Application Guide

How to Apply for AI & ML Engineer

at Built Robotics

🏢 About Built Robotics

Built Robotics is at the forefront of automating heavy equipment for the construction and solar industries, with a mission to accelerate the transition to clean energy. Their focus on edge AI and autonomy in rugged environments makes them a unique blend of robotics, machine learning, and renewable energy.

About This Role

As an AI & ML Engineer, you will design and deploy edge machine learning systems that enable construction robots to operate autonomously and safely. Your work will directly impact the efficiency of solar farm installations, contributing to faster renewable energy deployment.

💡 A Day in the Life

A typical day might start with a stand-up to discuss progress on model training pipelines, followed by debugging a sensor fusion issue on a test robot.
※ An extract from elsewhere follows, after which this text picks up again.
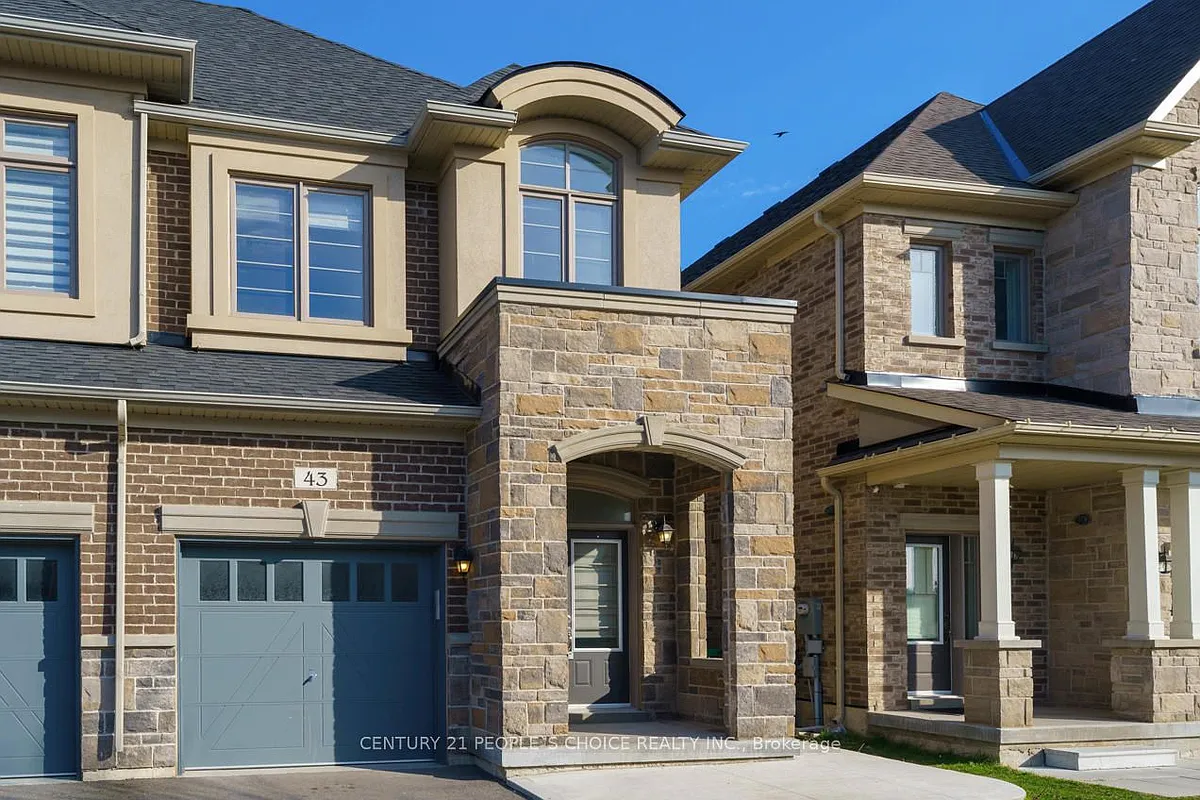Photo 2 of 49 - 43 Quinton Rdg - Brampton, ON Building Photo - 43 Quinton Rdg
After lunch, you might optimize a computer vision model for inference on an edge device, then review deployment metrics and plan next experiments.

🎯 Who Built Robotics Is Looking For

  • Strong background in computer vision and sensor fusion, with experience applying these to real-world robotics or autonomous systems.
  • Proven track record of deploying ML models to edge devices (e.g., NVIDIA Jetson, embedded systems) with latency and power constraints.
  • Expertise in building scalable ML infrastructure, including data pipelines, distributed training, and model monitoring in production.
  • Passionate about clean energy and eager to solve challenging problems in unstructured outdoor environments.

📝 Tips for Applying to Built Robotics

1

Highlight any experience with construction or outdoor robotics, even if from side projects or research, to show domain understanding.

2

Emphasize projects where you optimized models for edge deployment (e.g., quantization, pruning, TensorRT) and include performance metrics.

3

Tailor your resume to mention specific ML frameworks (PyTorch, TensorFlow) and tools (Kubeflow, MLflow, Docker) that align with scalable infrastructure.

4

Include a link to your GitHub or portfolio with relevant code, especially if you have open-source contributions to robotics or ML.

5

In your cover letter, connect your work to Built Robotics' mission of accelerating solar energy, showing genuine interest in the industry.

✉️ What to Emphasize in Your Cover Letter

['Your experience with edge ML and computer vision in real-world applications.', 'How you have built scalable ML pipelines that handle large datasets and continuous model updates.', 'Your passion for renewable energy and autonomous systems, and why Built Robotics specifically excites you.', 'A specific example of solving a challenging problem related to sensor fusion or model optimization for safety-critical systems.']

Generate Cover Letter →

🔍 Research Before Applying

To stand out, make sure you've researched:

  • Read Built Robotics' blog posts or press releases about their autonomous solar installation robots.
  • Understand their technology stack: they use NVIDIA Jetson for edge computing and ROS for robotics.
  • Look into their safety certifications and how they handle edge cases in construction environments.
  • Check recent job postings for similar roles to see if they mention specific projects like 'RPD 35' or 'autonomous excavators'.

💬 Prepare for These Interview Topics

Based on this role, you may be asked about:

1 Design a computer vision pipeline for detecting construction obstacles in real-time on an edge device.
2 How would you approach sensor fusion (e.g., cameras, LiDAR, GPS) for robot localization in dusty environments?
3 Explain how you would set up a distributed training system for a large model using PyTorch and Kubernetes.
4 Discuss a time you debugged a model performance issue in production; what metrics did you monitor?
5 How would you validate the safety of an ML model before deploying it to a construction site?
Practice Interview Questions →

⚠️ Common Mistakes to Avoid

  • Submitting a generic resume that doesn't highlight edge deployment or ML infrastructure experience.
  • Ignoring the company's mission; failing to express genuine interest in clean energy or construction automation.
  • Overlooking the importance of safety; not discussing how you ensure model reliability and fail-safes.

📅 Application Timeline

This position is open until filled. However, we recommend applying as soon as possible as roles at mission-driven organizations tend to fill quickly.

Typical hiring timeline:

1

Application Review

1-2 weeks

2

Initial Screening

Phone call or written assessment

3

Interviews

1-2 rounds, usually virtual

Offer

Congratulations!

Ready to Apply?

Good luck with your application to Built Robotics!